The voice of Mrs. Keith, the Longfellow Middle School secretary, came over the intercom. She read a prepared statement, a eulogy of sorts, for our beloved school. She noted the symmetrical design, how one side resembled the other, with matching doors, stairways and connecting hallways. “This building reminds us that no matter where you start from, you can always reach your goals,” she read.
She noted how the massive granite structure “rises tall,” just like the spirit of the students who have walked its halls and learned in its classrooms. She praised the adaptability of the building, how it served both as “Memorial High School” and later as “Longfellow Middle School.” Finally, she remembered the students, the thousands of students, who had filled the building and turned it from a building and into a school. “A school is more than the walls,” Mrs. Keith read, “it is the soul and the spirit of the students who gather within the walls.”

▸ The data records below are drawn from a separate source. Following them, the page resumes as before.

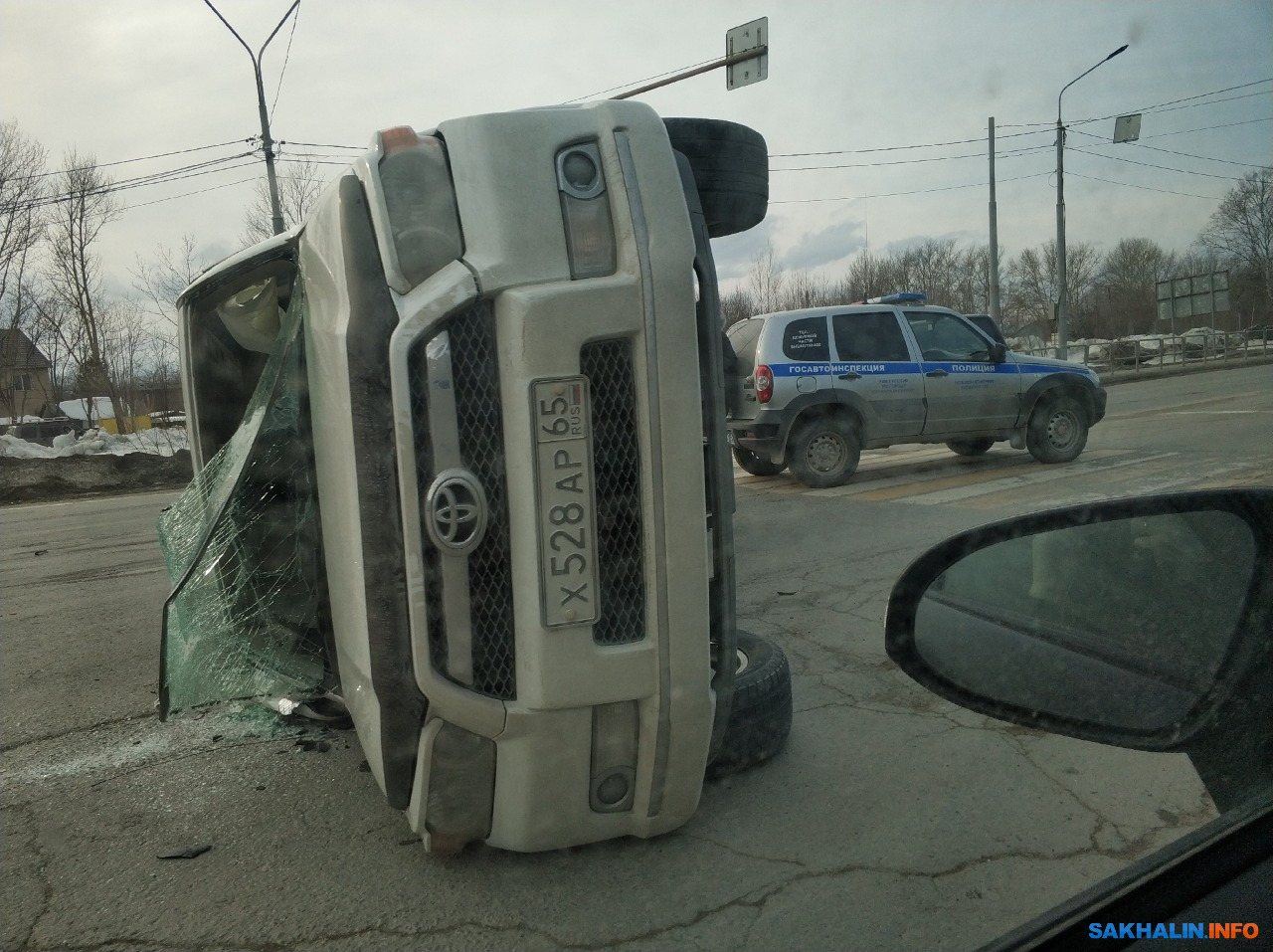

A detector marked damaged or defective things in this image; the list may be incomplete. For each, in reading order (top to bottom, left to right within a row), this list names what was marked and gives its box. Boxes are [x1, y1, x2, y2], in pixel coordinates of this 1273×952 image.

exposed tire [668, 118, 764, 238]
broken glass [157, 279, 328, 716]
overturned toyota suv [158, 100, 792, 852]
exposed tire [732, 446, 780, 476]
exposed tire [788, 418, 867, 487]
exposed tire [947, 438, 995, 458]
exposed tire [1026, 394, 1090, 464]
exposed tire [708, 629, 796, 776]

School, she reminded us, is just as much about our past as it is about our future. A school has a life of its own, complete with a rich history filled with countless memories. And while this current group of students perhaps doesn’t fully comprehend the importance of their part in the collective history that makes up Longfellow Middle School, I think most of them understood the sadness involved in the closing of such a remarkable chapter in the history and culture of our town.
At the end, Mrs. Keith acknowledged that the students, faculty, and staff will move on to a new school, to start a new tradition in the new Hill City Junior High as the new Hill City Junior High Ringnecks. However, she said, her voice breaking with emotion, we will never forget our beloved Broncos.
That last line, of course, sent many of us to tears, as we stood hand in hand on staircases and in hallways. The moment of silence planned before the final bell was accompanied by the soft sobs and sniffles of students who fully felt the gravity of this solemn occasion. Then the bell rang, long and heavy, evoking feelings of sorrow with the memory of so many bells that had rung before. As soon as the last echo of its mournful peal died within the walls, we applauded and embraced in a last tearful goodbye.
Needless to say, it was a powerful moment, one that I doubt many students will ever forget. For my part, I was just happy to have been part of the ceremony. I think we, as human beings, need ceremonies like these. Especially on weekends like these. We need to visit cemeteries, we need to be with family, we need to remember, to cry, to say hello, and to say goodbye. I think that we as the last students and faculty of Longfellow Middle School, needed our final bell ceremony. We needed a farewell speech, we needed to hold hands in silence, and we needed the drama and the emotion of the final bell. We needed, and we received, closure.
Now, we can move forward, never forgetting our past, but ready, willing, and able to embrace our collective future.